Mar 27, 2010

Oil Painting without Brushes

Painting Detail.
I've been working in the studio on an oil painting and using the techniques that I learned this week at Wayne Boucher's studio. So far, I've applied the paint by
  • using mostly oil sticks
  • squeezing paint out of tubes directly onto the canvas
  • moving it with rags
  • scraping it with the rubber end of a pencil
  • wiping it away with Q-tips and paper towels
  • blending it with my latex-glove covered hands

This is my progress so far.





I mostly used oil sticks, and the tubed oils I'm using are watersoluble which makes the clean-up part so easy!

I didn't like the heaviness of the pot and I wanted to introduce a variety of flower shapes, so I decide to change the painting to a vase of flowers...


I am still working on this painting, but this is what it looked like last night when the sun set. I usually stop then because I really need natural light to see.

The current incarnation of the flowers.



I like the green in the lower part of the painting. I am happy with the soft lost and found effects in the flowers in the upper left hand side of the painting.  I'd like to introduce more of that feeling in the lower part of the painting. The flowers there are too uniform...all the same size, not overlapping and facing straight on.


I'm loving the details and I'm back in the studio today to make the rest of the painting as interesting as those details. It's rather delightful to be painting with unconventional tools as well as using my hands to shape the painting. I'm stepping out into the sunshine of today to the studio to continue. It's back to the drawing board for me!

Mar 24, 2010

Oil Painting on the Bay of Fundy

Before today, the last time I had any instruction in oil painting, I was an international student in Germany. That was 40 years ago in East Berlin.

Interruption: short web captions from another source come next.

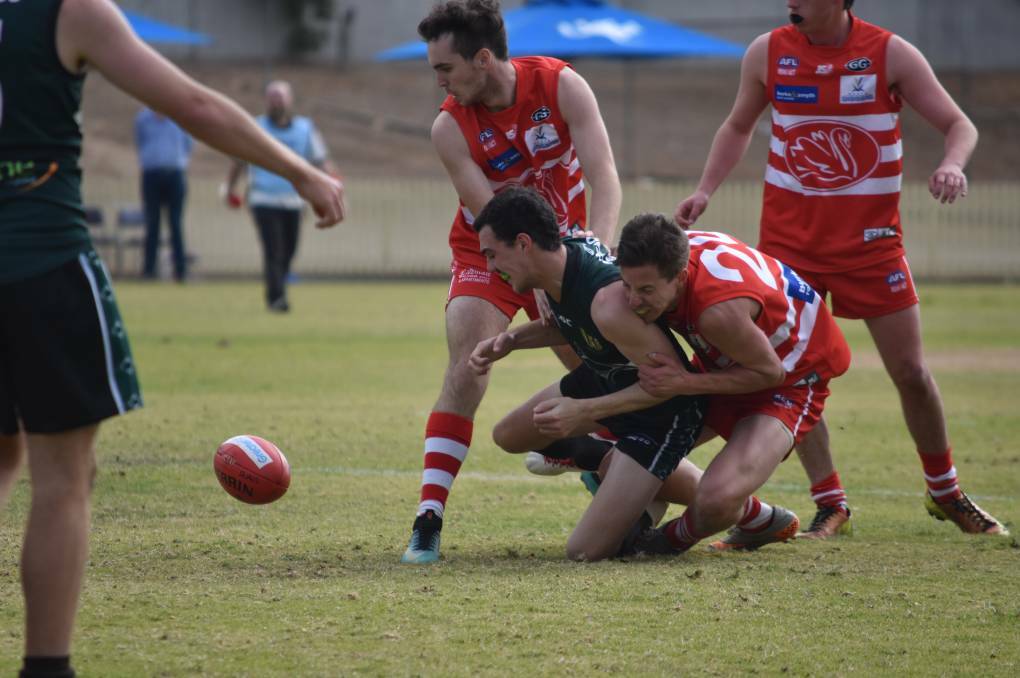 HEAVY HITTER: Andrew Finlay delivers a strong tackle for the Swans in Saturday's loss to New England at No.1 Oval. Photo: Ben Jaffrey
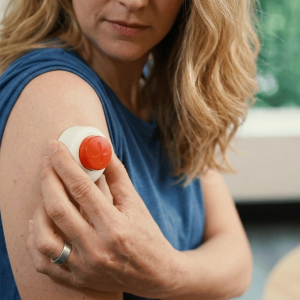 A woman placing a Tasso+ At Home Blood Test Kit on her upper arm for blood collection
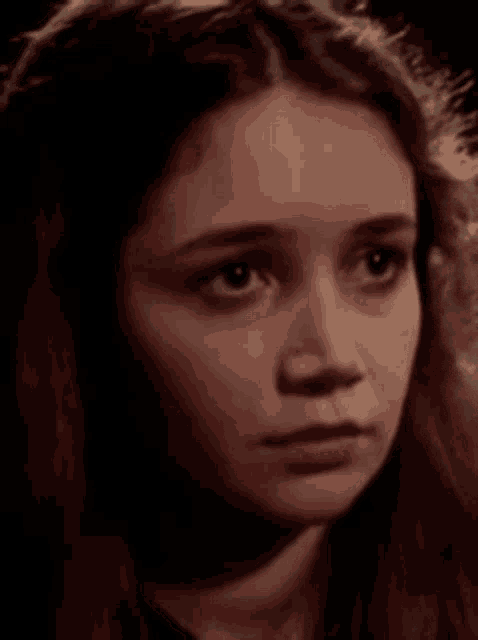 a close up of a girl 's face with a serious look on her face .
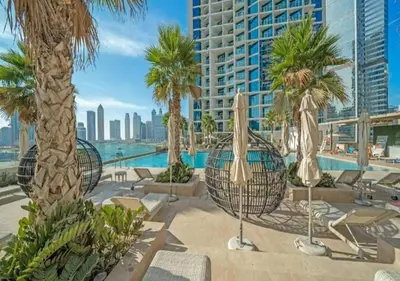 a resort with a pool and palm trees and chairs at Bespoke Holiday Homes - Luxurious Studio in Damac Maison Prive in Dubai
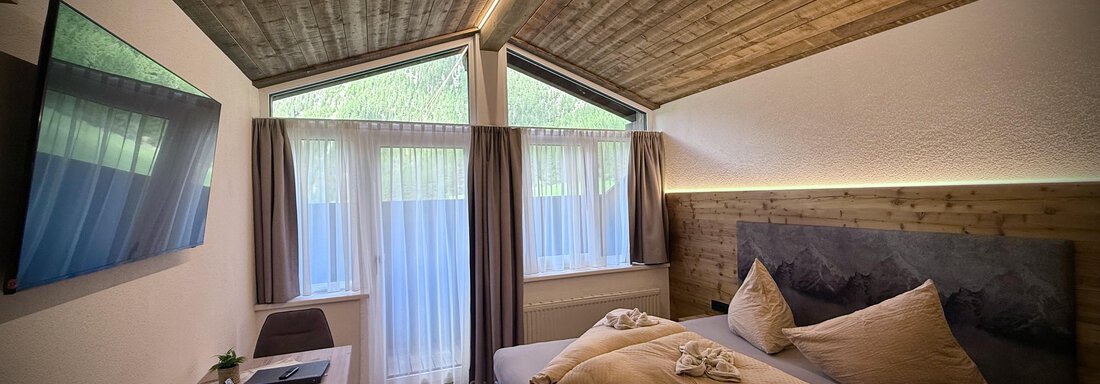 A modern room with wooden ceiling and large windows. It is bright and comfortably furnished with a double bed and a desk. - Pension "Zur alten Mühle" - Sölden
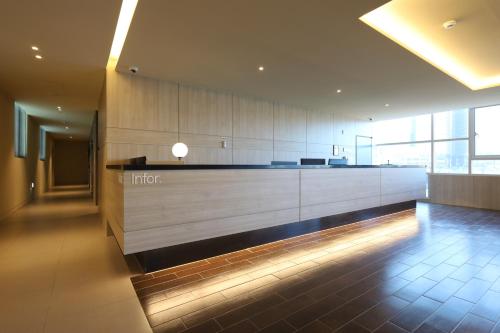 a lobby of an office building with a counter at Browndot Signature Hotel in Changwon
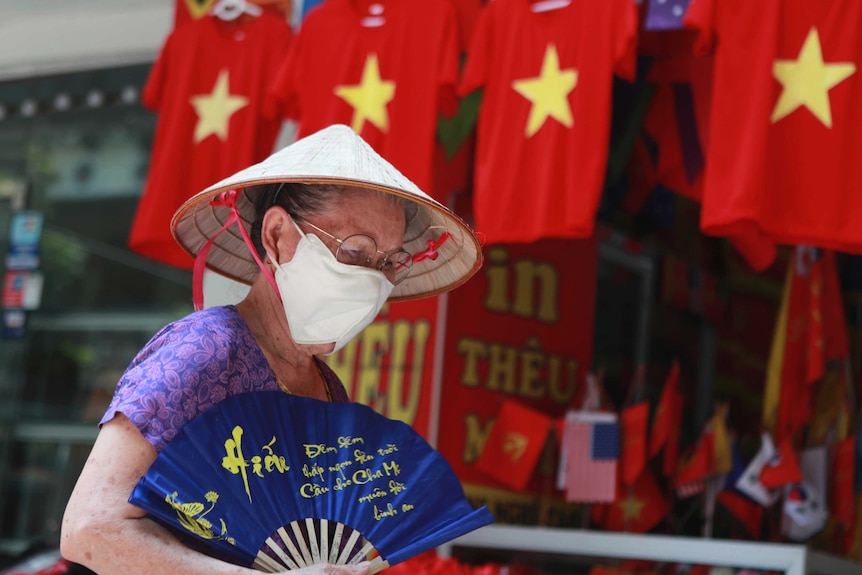 A woman walks past a row of T-shirts printed with Vietnamese flags in Hanoi.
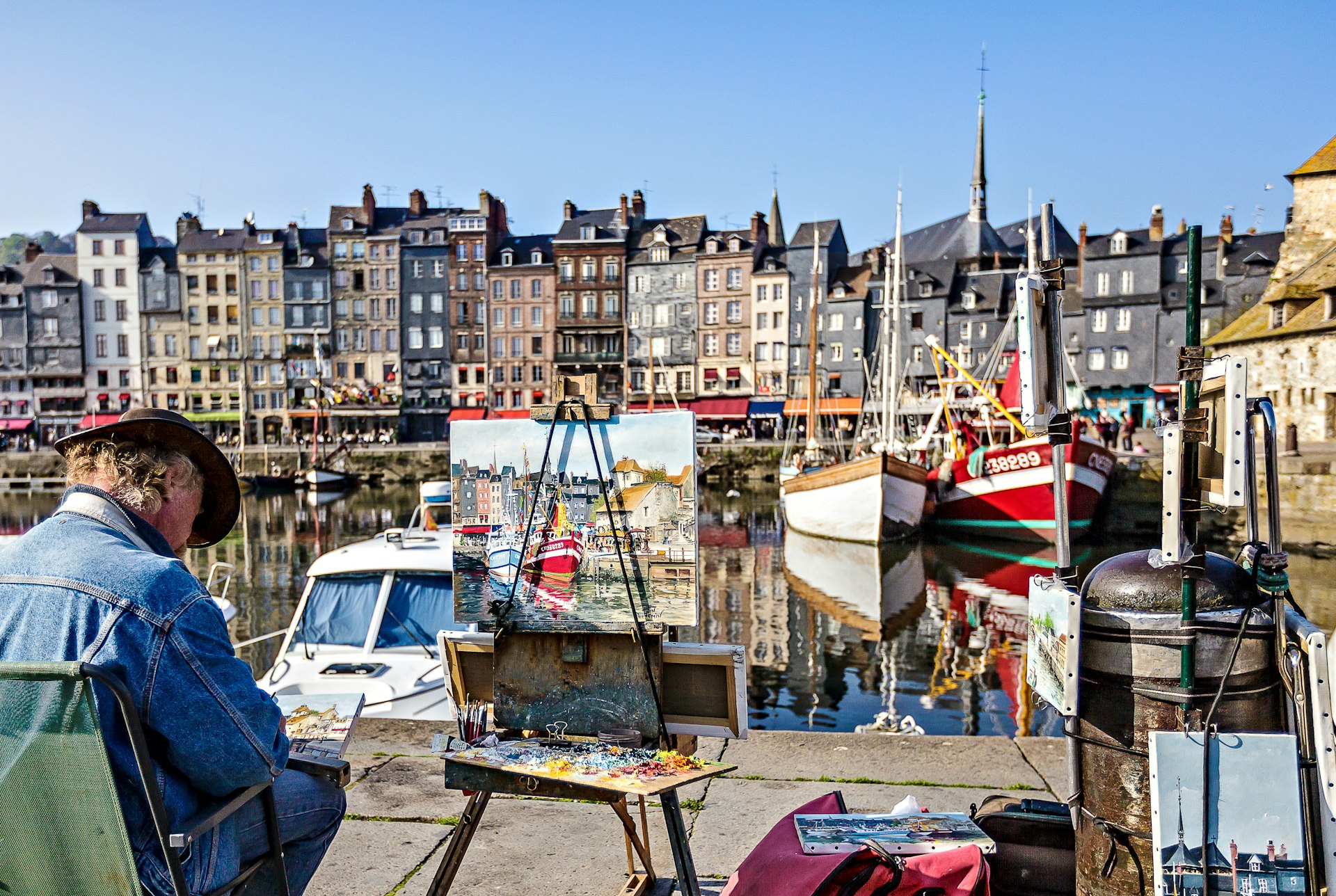 An artist paints at an easel in the historic, sailboat-filled harbor of Honfleur, Normandy, France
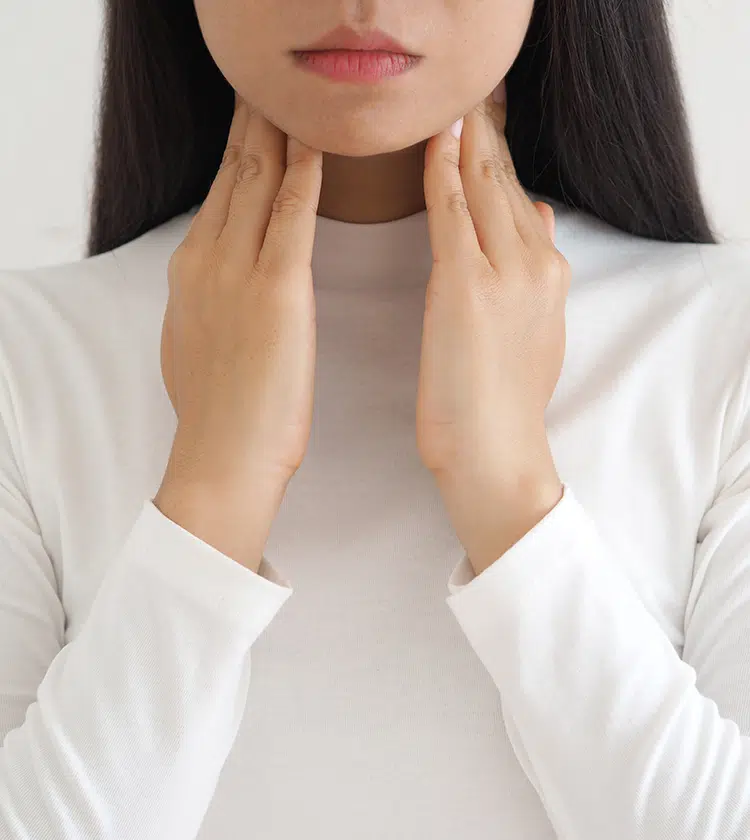 Woman touching throat with both hands, indicating throat discomfort from post-nasal drip symptoms like irritation.
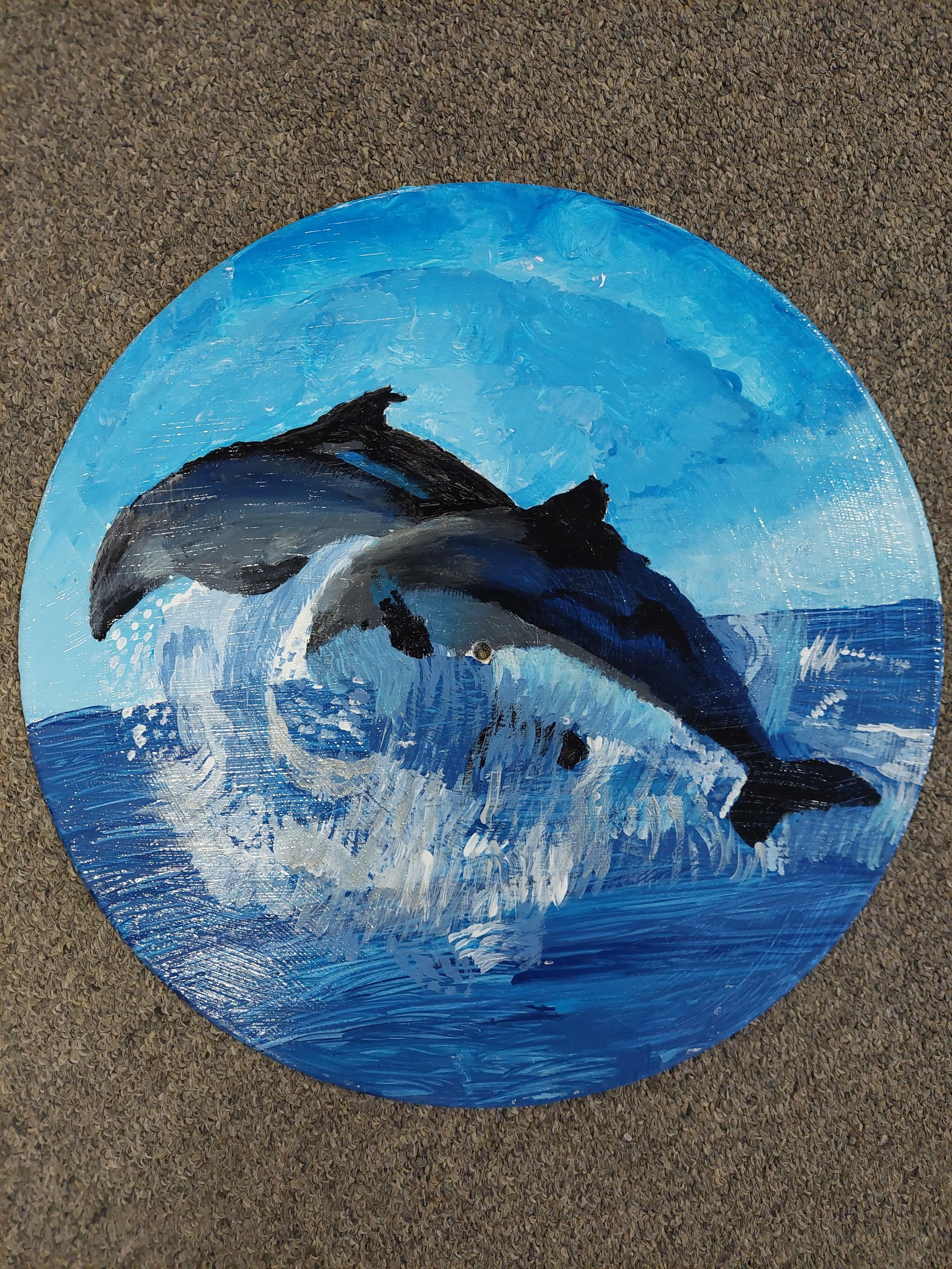 "Dolphins Splashing in the Waves" by Kelly Johnson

Since then, I've been to lots of watercolour , mono-printing and acrylic painting workshops, but never oil painting. I often think of  oil painters as fairly traditional realists who use muted colours, whereas I prefer strong colours and an expressionistic approach to my subject matter.

Wayne Boucher's Studio is in a former classroom in Parker's Cove.

Last weekend at the Annapolis Region Community Arts Council (ARCAC) Annual General Meeting, I ran into Nova Scotia's celebrated painter Wayne Boucher who breaks all of my stereotypes about oil painters. His work is bold, abstract and etherial. He loves colour and has a background in printmaking, which I think informs his choice of method and materials.